▶ **TO DO**:
Only the lines from the start of the data below through the line that contains "Volkswagen Golf 1.5" are to be copied, exactly and without pictures.

Extracted records:
════════════════

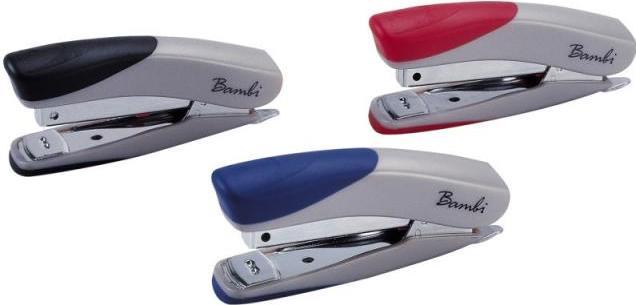 Image du produit Rexel BAMBI - Agrafeuse de poche (10 feuilles)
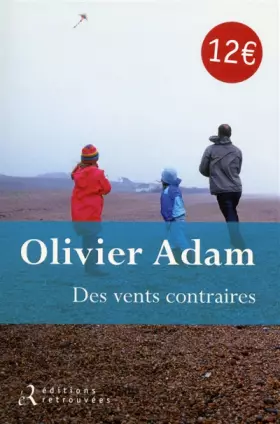 Couverture du produit · Des vents contraires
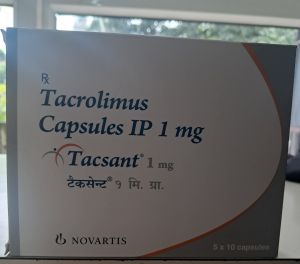 Tacsant Tacrolimus Capsule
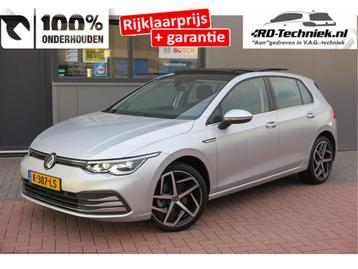 Volkswagen Golf 1.5 eTSI 150pk DSG 1st Edition , Stoelverw.  beschikbaar voor biedingen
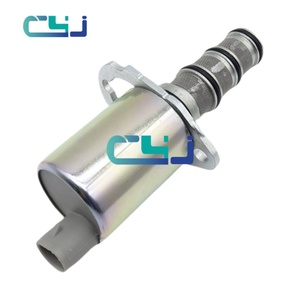 Válvula Solenoide Hidráulica AL177192 7343934 para Tractor 6100D 6130D 6630, Válvula de Seguridad, Piezas de Maquinaria de Construcción - Product Image 1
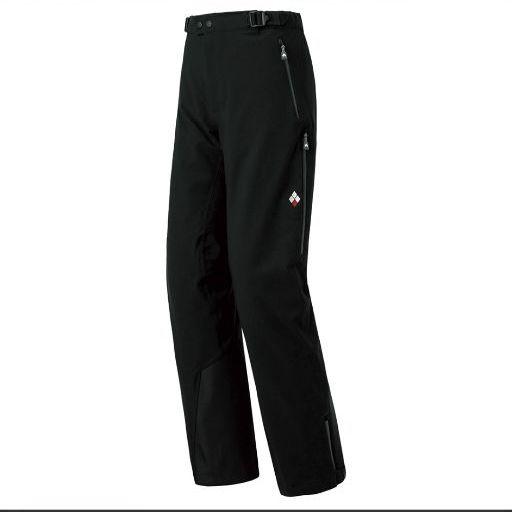 宅配便配送 【新品タグ付き】mont-bell スキー・スノボパンツ黒 Lサイズ ウエア(女性用) 宅配便配送 【新品タグ付き】mont-bell スキー・スノボパンツ黒 Lサイズ ウエア(女性用)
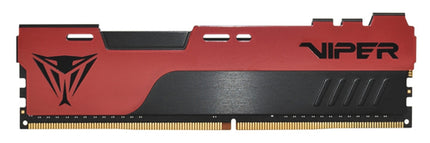 PATRIOT RAM GAMING VIPER ELITE 2 4GB DDR4 2666MHz CL16 RED/BLACK HS S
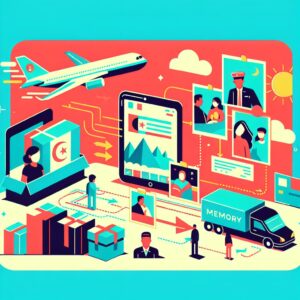 Transfert De Souvenirs : Comment Envoyer Facilement Vos Photos De Famille Vers L’Algérie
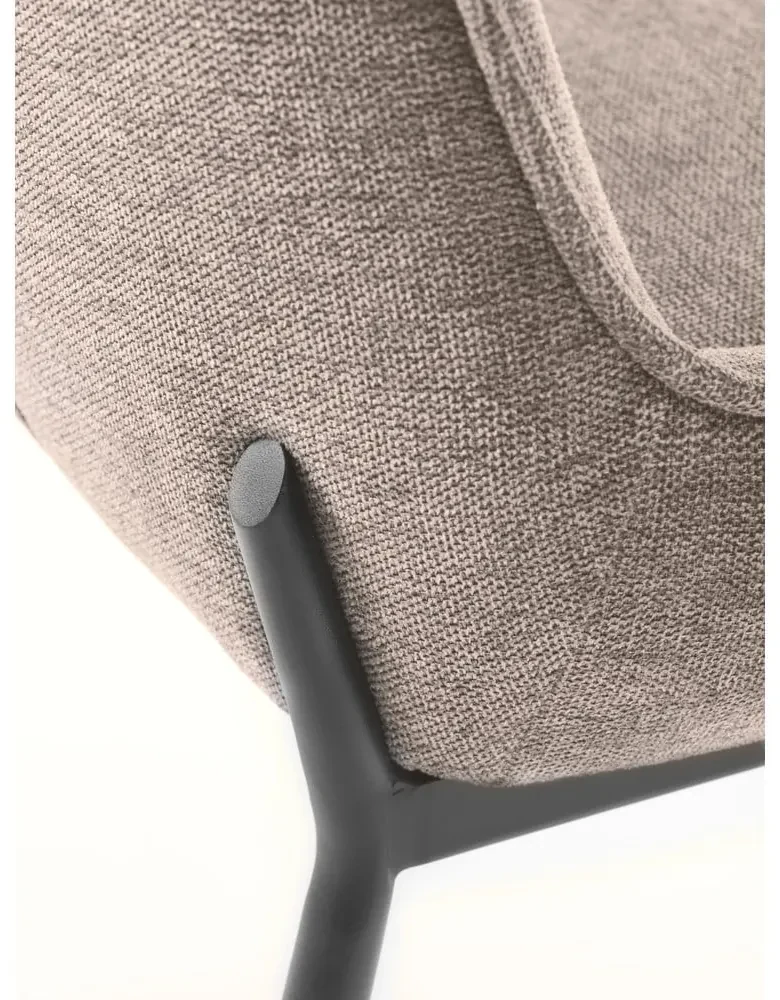 Béžová jedálenská stolička Calgary – Unique Furniture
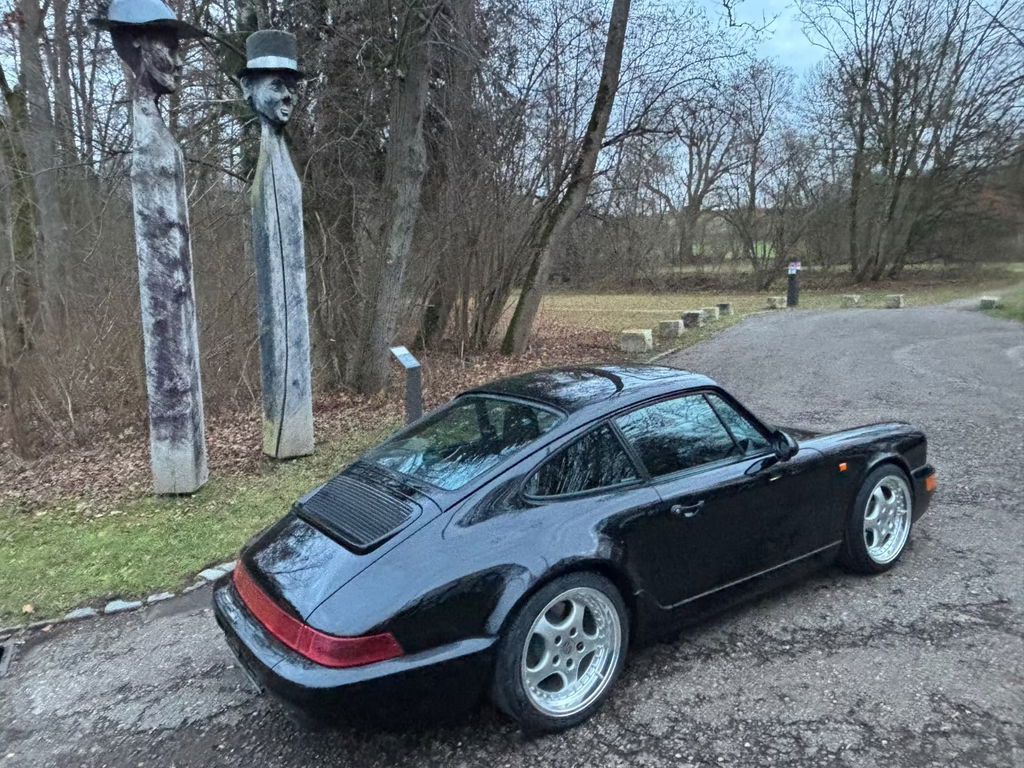 Porsche 964 Carrera 2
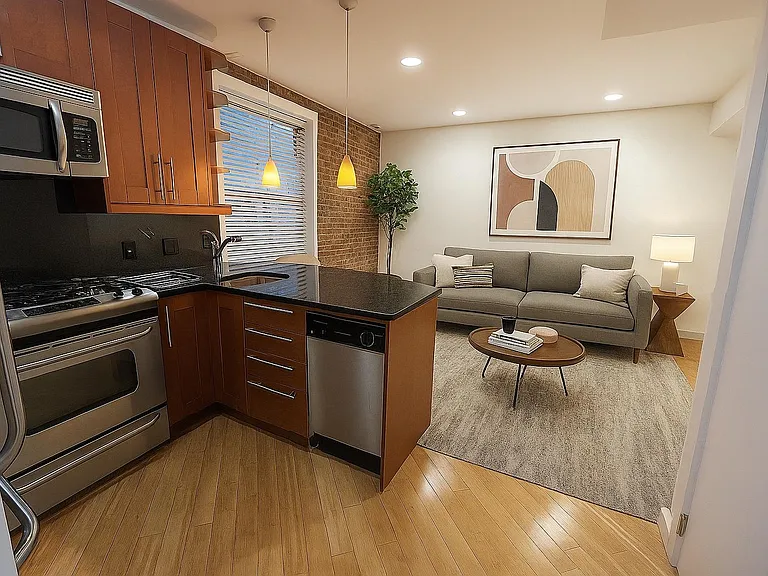 324 Baldwin Ave #2A — Photo 1
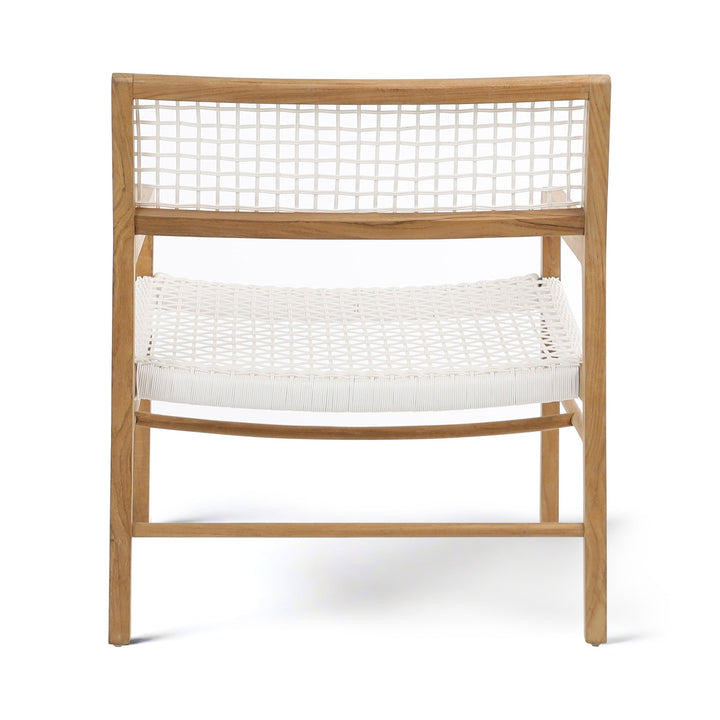 CHLOE OUTDOOR OCCASIONAL CHAIR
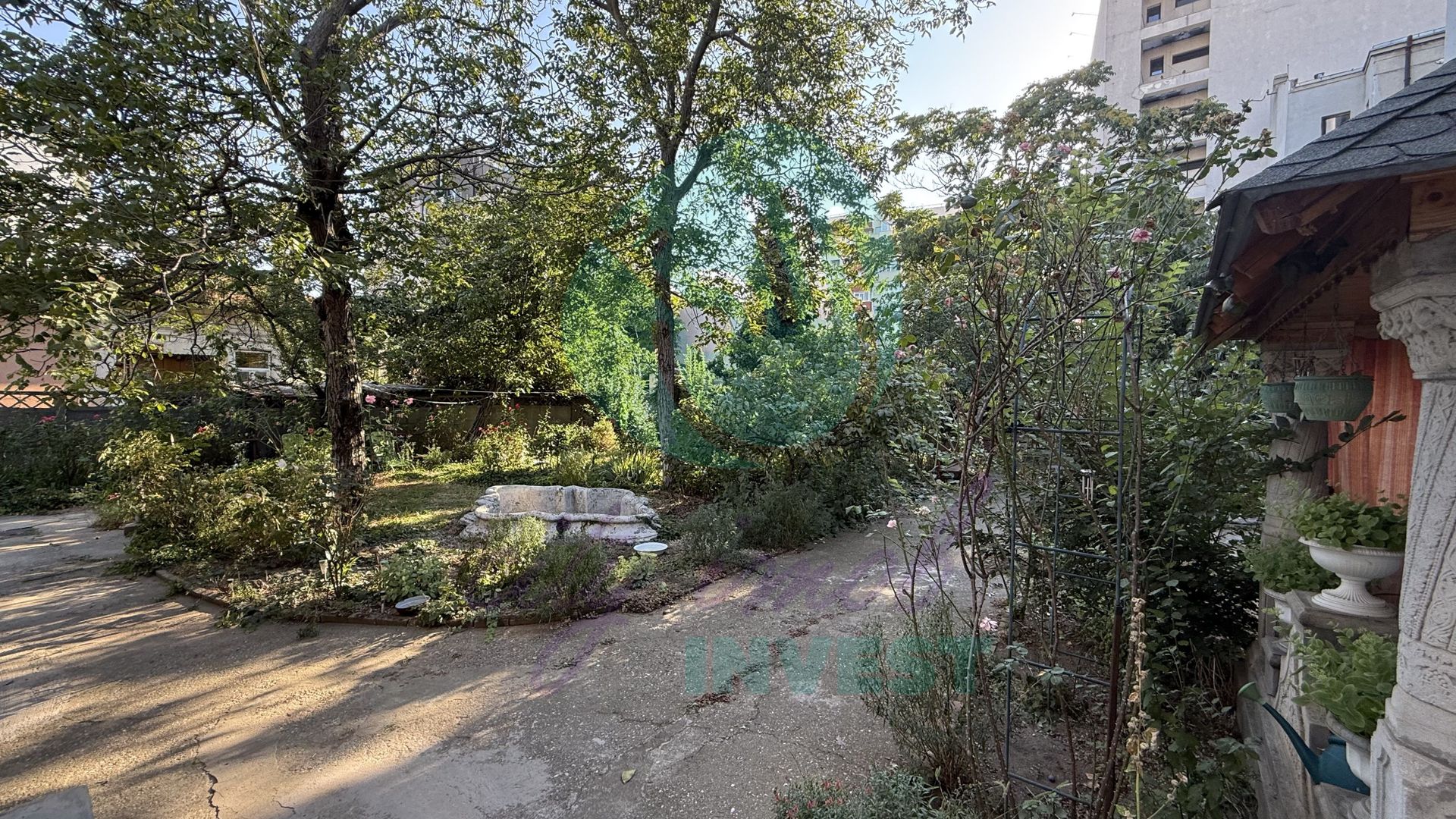 Vilă 1913 cu arhitectură deosebită | Teren 1.013 mp | Calea Moșilor - Poză 4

════════════════

▶ **YOUR RESPONSE**:
 Image du produit Rexel BAMBI - Agrafeuse de poche (10 feuilles)
 Couverture du produit · Des vents contraires
 Tacsant Tacrolimus Capsule
 Volkswagen Golf 1.5 eTSI 150pk DSG 1st Edition , Stoelverw.  beschikbaar voor biedingen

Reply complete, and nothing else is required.